Introduction to Deep Learning with Keras

In this article, we’ll build a simple neural network using Keras. We’ll assume you have prior knowledge of machine learning packages such as scikit-learn and other scientific packages such as Pandas and Numpy.

Training an Artificial Neural Network

Training an artificial neural network involves the following steps:

Weights are randomly initialized to numbers that are near zero but not zero.
Feed the observations of your dataset to the input layer.
Forward propagation (from left to right): neurons are activated and the predicted values are obtained.
Compare predicted results to actual values and measure the error.
Backward propagation (from right to left): weights are adjusted.
Repeat steps 1–5
One epoch is achieved when the whole training set has gone through the neural network.

Business Problem

Now let’s proceed to solve a real business problem. An insurance company has approached you with a dataset of previous claims of their clients.
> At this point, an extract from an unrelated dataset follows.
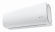 Сплит-система Royal Clima RCI-AR22HN/IN/RCI-AR22HN/OUT Aria DC Inverter Сплит-система Royal Clima RCI-AR22HN/IN/RCI-AR22HN/OUT Aria DC Inverter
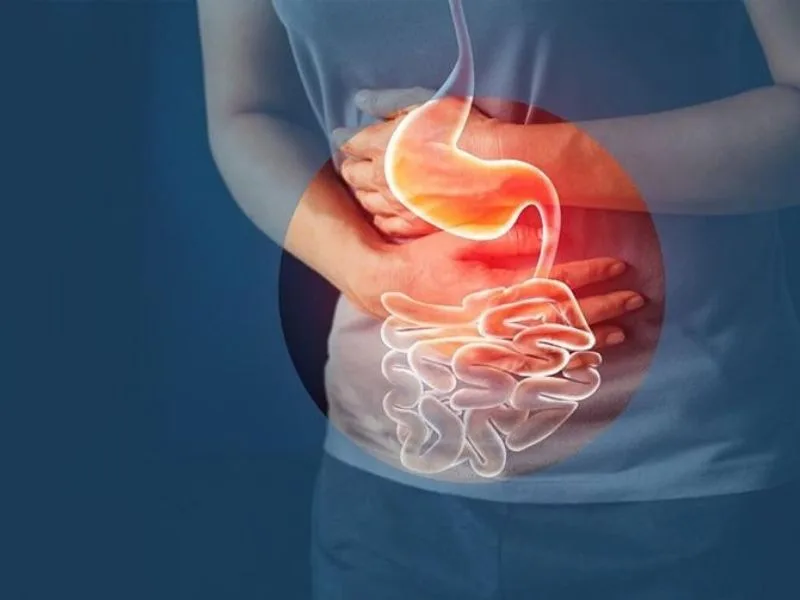 hp da day la gi hieu dung ve vi khuan helicobacter pylori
The insurance company wants you to develop a model to help them predict which claims look fraudulent. By doing so you hope to save the company millions of dollars annually. This is a classification problem. These are the columns in our dataset.

Data Preprocessing

As in many business problems, the data provided will not be processed for us. We therefore have to prepare it in a way that our algorithm will accept it. We see from the dataset that we have some categorical columns. We need to convert these to zeros and ones so that our deep learning model will be able to understand them. Another thing to note is that we have to feed our dataset to the model as numpy arrays. Below we import the necessary packages and then load in our dataset.

We then to convert the categorical columns to dummy variables.

feats = [‘policy_state’,’insured_sex’,’insured_education_level’,’insured_occupation’,’insured_hobbies’,’insured_relationship’,’collision_type’,’incident_severity’,’authorities_contacted’,’incident_state’,’incident_city’,’incident_location’,’property_damage’,’police_report_available’,’auto_make’,’auto_model’,’fraud_reported’,’incident_type’]
df_final = pd.get_dummies(df,columns=feats,drop_first=True)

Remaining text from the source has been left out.